With friends like this… Crikey made Antony Loewenstein’s day when we rang him with the news this morning that he’s won the praise of the League of Rights, Australia’s oldest and most influential body of the ugly right. “Loewenstein delivers critical salvos at the Australian government’s blind and unthinking ‘Israel first come what may’ policy,” the League says of his book My Israel Question. “He takes on the Australian Zionist lobby that ‘patrols the boundaries of public debate, aiming to silence anyone who occasionally strays from the accepted line’.” And just to add to the compliment, the review finishes “My Israel Question will be readily available from the League Book Services”. Much of Loewenstein’s response to the League wouldn’t get past your spam filter, but he said words to the effect that most of the people who have bought the book won’t have it on the shelves next to the Protocols of the Elders of Zion.

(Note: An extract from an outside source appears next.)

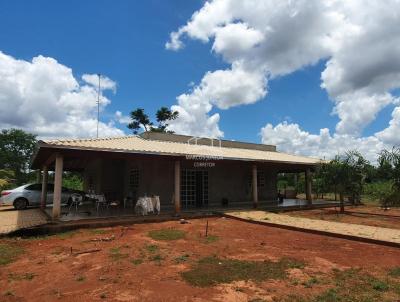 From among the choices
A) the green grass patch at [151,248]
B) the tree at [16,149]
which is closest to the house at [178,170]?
the green grass patch at [151,248]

Homeland security, Labor style? The Make Poverty History campaign is aiming for a Guinness World Record today for the largest number of people to stand up for a cause with a gathering outside Parliament House today, says an advisory circulated by a staffer to Arch Bevis, Shadow Minister for Homeland Security. Hmm. A large crowd of activist types outside the House? Is Arch going to wave a wand metal detector over them all to demonstrate his credentials?

Time efficient. Former PM Paul Keating hasn’t just suggested that a Labor government could effectively reverse sweeping changes to cross-media laws, although that’s what’s making the biggest news today. He’s also offered views on nuclear energy – “nasty” – and the performance of his successor, Kim Beazley – “getting results”. All that from one interview with Sky.